Associated Press/Edlib News Network ENN - This citizen journalism image provided by Edlib News Network, ENN, which has been authenticated based on its contents and other AP reporting, shows anti-Syrian regime protesters carrying a banner during a demonstration, at Kafr Nabil town, in Idlib province, northern Syria, Friday April 19, 2013. Gunmen killed a government official in a Damascus restaurant, Syrian state media and activists reported Friday as regime troops and rebels fought fierce battles near the Lebanese border. (AP Photo/Edlib News Network ENN)

This citizen journalism image provided by Aleppo Media Center AMC which has been authenticated based on its contents and other AP reporting, shows anti Syrian regime protesters chanting slogans and waving the Syrian revolutionary flag during a demonstration, in Aleppo, Syria, Friday, April 19, 2013. Gunmen killed a government official in a Damascus restaurant, Syrian state media and activists reported Friday as regime troops and rebels fought fierce battles near the Lebanese border.(AP Photo/Aleppo Media Center, AMC)
BEIRUT (AP) — An artillery shell slammed into a pickup truck, killing nine members of a family during fierce fighting on Friday inSyria as U.S. officials said the Obama administration is poised to send millions more in non-lethal military aid to rebels trying to oust President Bashar Assad.

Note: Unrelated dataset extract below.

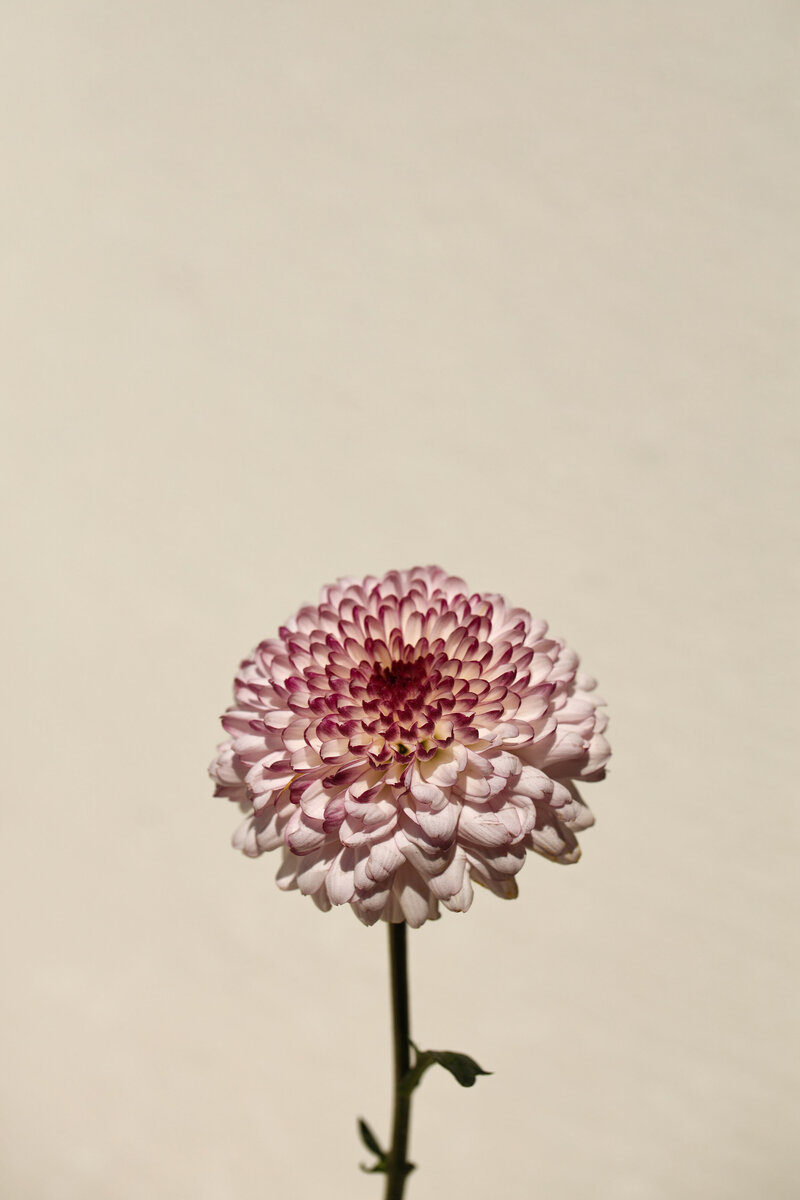 elevae_042511231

The attack that killed one woman, her four children and four nieces and nephews, who were all under 12, was the latest carnage to hit the northern town of Saraqeb. Just days earlier, a government airstrike killed at least 20 people, shattering store fronts and setting cars ablaze in the strategic town in Idlib province on the main highway from Syria's largest urban center of Aleppo.

Rebels have wrested much of the countryside of Idlib and other provinces in the north from regime forces, although government troops still control many military bases in the region from which they launch attacks — including airstrikes — on opposition-held areas.

Also on Friday, another 18 people were killed in heavy fighting in and around Homs, the country's third largest city near the Lebanese border, and a Syrian Army official was assassinated northeast of the capital, Damascus. The state-run SANA news agency said "terrorists" — the government's word for opposition fighters — shot and killed Syrian Army Col. Tamim Abdullah as he was driving home in Barzeh.

The assassination was the latest in a series of killings of government and security officials and regime supporters in the capital. A day earlier, Ali Ballan, the head of public relations at the Ministry of Social Affairs and a member of Syria's relief agency, was killed by gunmen as he was dining in a restaurant in Mazzeh, a western Damascus neighborhood.

More than 70,000 people have been killed so far in the Syrian conflict, which began with largely peaceful protests against Assad's regime in March 2011 but eventually turned into a civil war. The U.N. Security Council has been deadlocked for months on the Syrian war, and even the most modest attempts to end the bloodshed have failed.

Western and Arab nations blame the conflict on Assad's government. Russia insists on assigning equal blame for the suffering to the Syrian opposition and rebels fighting on the ground, and has cast vetoes, along with China, to block draft council resolutions. A U.N. envoy on Friday gave the Security Council a grim assessment of the two-year war, saying that the Assad government had been uncooperative in negotiations.

In Washington, U.S. officials said Secretary of State John Kerry was expected to announce a significant expansion of non-lethal military aid to the Syrian opposition at an international conference on Syria he will attend Saturday in Turkey. The officials told The Associated Press that Kerry is expected to announce a contribution of between $120 million and $130 million in defensive military supplies, which could include body armor, armored vehicles, night vision goggles and advanced communications equipment.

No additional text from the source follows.